Acórdão nº 02209/08.0BEPRT de Tribunal Central Administrativo Norte, 18 de Dezembro de 2015

Magistrado ResponsávelRog
Data da Resolução18 de Dezembro de 2015
EmissorTribunal Central Administrativo Norte

EM NOME DO POVO Acordam em conferência os juízes da Secção de Contencioso Administrativo do Tribunal Central Administrativo Norte: AJRA veio interpor o presente RECURSO JURISDICIONAL da sentença do Tribunal Administrativo e Fiscal do Porto, de 15.12.2010, pela qual foi julgada totalmente improcedente a acção administrativa comum intentada contra o Estado Português para pagamento, a título de responsabilidade civil extracontratual, das quantias de 842,91 € a título de danos patrimoniais e de 30.000,00 € a título de danos não patrimoniais, acrescidas de juros de mora a contar da data da citação até integral e efectivo pagamento.

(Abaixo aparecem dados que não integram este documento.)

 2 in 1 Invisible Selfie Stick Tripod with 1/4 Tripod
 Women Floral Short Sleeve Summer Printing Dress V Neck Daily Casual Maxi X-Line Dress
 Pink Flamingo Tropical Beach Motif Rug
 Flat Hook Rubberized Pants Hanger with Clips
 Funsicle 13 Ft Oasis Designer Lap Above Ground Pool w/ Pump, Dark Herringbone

Invocou para tanto, em síntese, que o Tribunal a quo incorreu em erro no enquadramento jurídico dos factos, violando o disposto no artigo 669º, n.º 2, alínea a) do Código de Processo Civil (de 1995).

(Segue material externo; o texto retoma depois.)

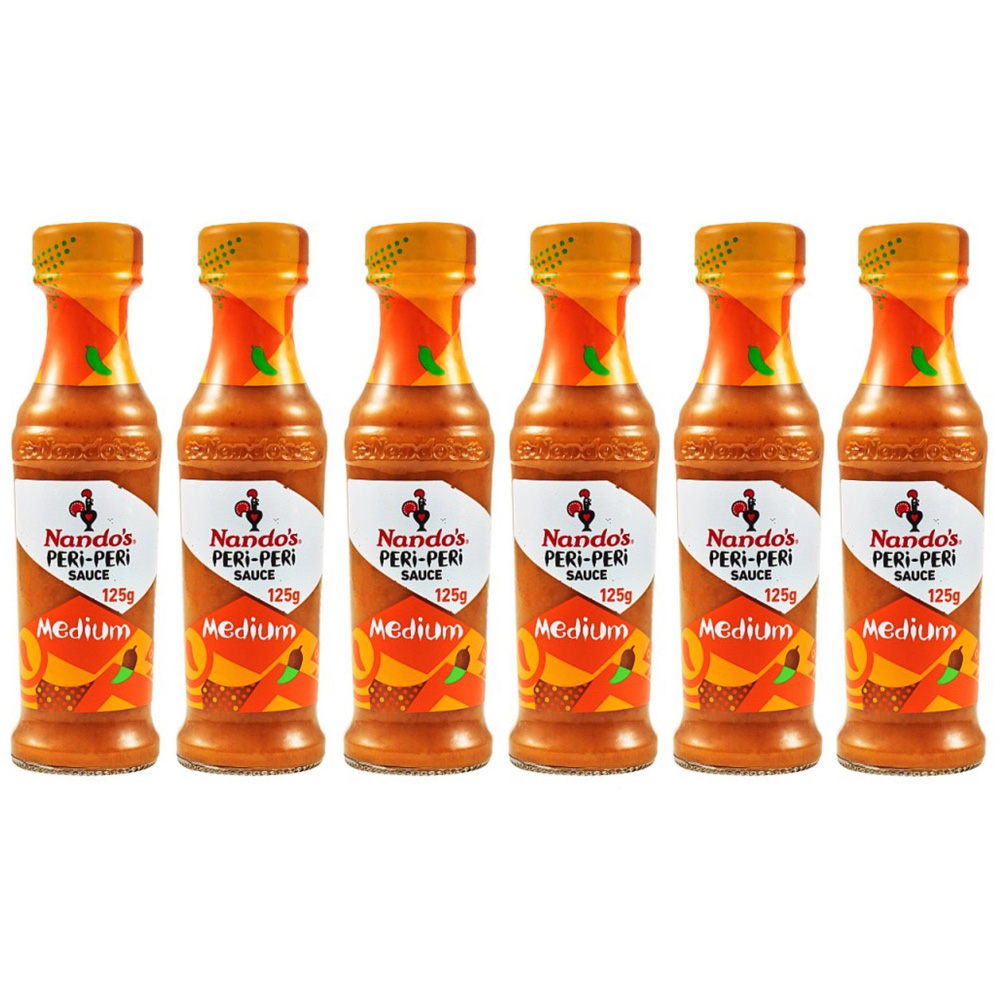 6 Gläser Nando's Peri-Peri Sauce Medium à 125 ml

O recorrido contra-alegou defendendo a manutenção do decidido.

*Cumpre, pois, decidir já que nada a tal obsta.

* I - São estas as conclusões das alegações que definem o objecto do presente recurso jurisdicional: 1. O Tribunal recorrido decidiu julgar a acção totalmente improcedente, por não provada, e, em consequência, absolver o réu do pedido.

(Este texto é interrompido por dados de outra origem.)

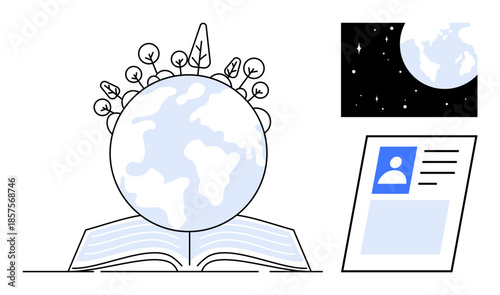 Sustainability concept. Sustainability ed by Earth with plants, learning through an open book, and a digital identity card theme. For environment, education, technology, identity, and global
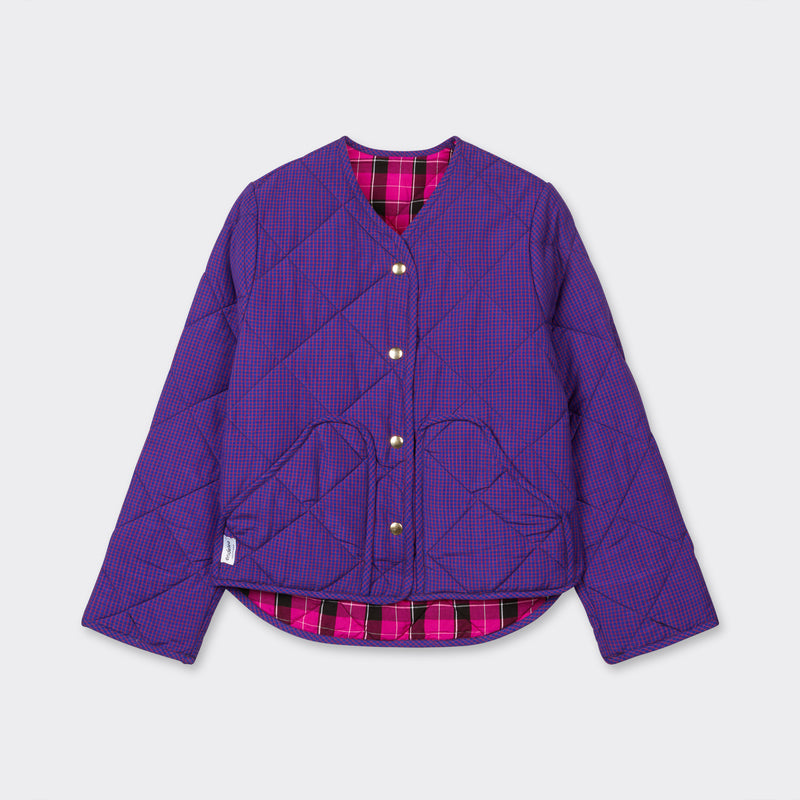 Reversible quilted jacket in pink checked Maasai fabric  on the purple side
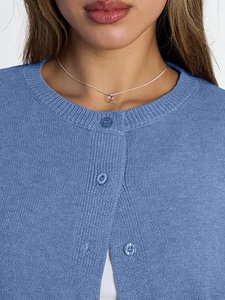 Cárdigan de punto azul para mujer, manga larga, cuello redondo, con botones, informal, para otoño - Product Image 6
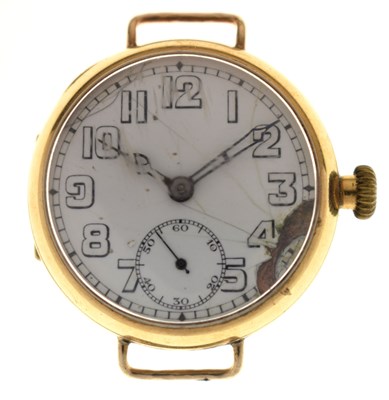 Lot 173 - First World War-era 18ct gold cased trench-style watch head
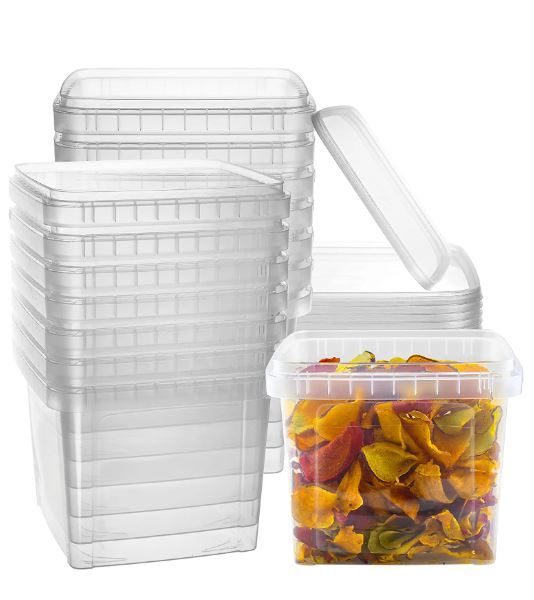 Photo 1 of 64-oz. Square Clear Deli Containers with Lids | Stackable, Tamper-Proof BPA-Free Food Storage Containers | Recyclable Space Saver Airtight Container for Kitchen Storage, Meal Prep, Take Out | 20 Pack
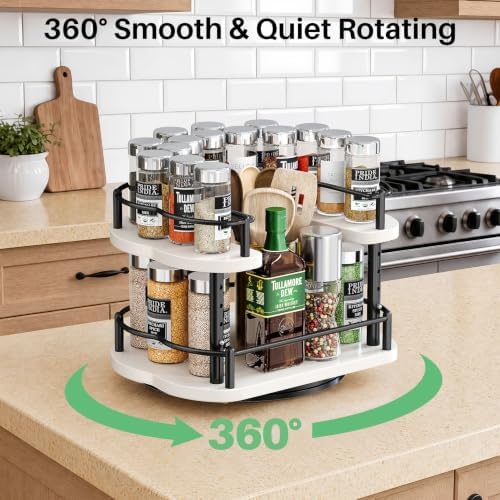 SNTD Lazy Susan Spice Rack Organizer for Cabinet, Wood, White, 12 in
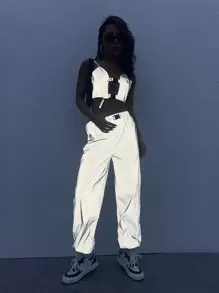 SHEIN ICON Reflective Push Buckle Detail Cami Top And Trousers Set - Grey - View 1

  1. Com esta decisão não podemos concordar.

  2. O Tribunal recorrido entendeu estarem preenchidos todos os pressupostos da responsabilidade civil extracontratual, com excepção da presunção da culpa.

  3. Esta decisão contende com a factualidade dada como provada, ou seja, há um erro notório na apreciação da prova.

  4. No caso sub judice estamos perante uma culpa colectiva, culpa que abrange os casos em que os danos não podem ser directamente imputados a um comportamento concreto de um funcionário ou agente, mas resultam de uma actuação global.

  5. O probatório produzido nos autos deixa-nos concluir, salvo o devido respeito e melhor opinião que houve um funcionamento anormal do serviço. Não funcionou como seria legítimo esperar de um serviço administrativo moderno que se pretende justo e eficiente, mas ao invés se demonstrou defeituoso, mal organizado, não sendo o “comportamento normal” que seira de esperar de um serviço administrativo moderno.

  6. Salvo o devido respeito, a partir do raciocínio que um cidadão tem que se fazer acompanhar do comprovativo do pagamento de multa, sob pena de se ver culpado de uma situação a que é externo, é no mínimo surreal.

  7. Nos autos provou-se indubitavelmente que o departamento responsável pelo registo e difusão de informações a nível nacional não funcionou a tempo de evitar que o autor fosse retido e sofresse as consequências inerentes à sua retenção, provadas nos autos.

  8. Não bastasse o funcionamento deficiente do referido departamento – uma vez que ao contrário do afirmado na sentença não foram os inspectores que registaram a informação, limitando-se a enviar fax comprovativo do pagamento para o referido departamento responsável por tal para o Tribunal Judicial de Braga – o serviço estava inoperante e assim se manteve até ao final da tarde pelo menos, atentos os depoimentos dos inspectores de serviço nesse dia no Aeroporto Francisco Sá Carneiro.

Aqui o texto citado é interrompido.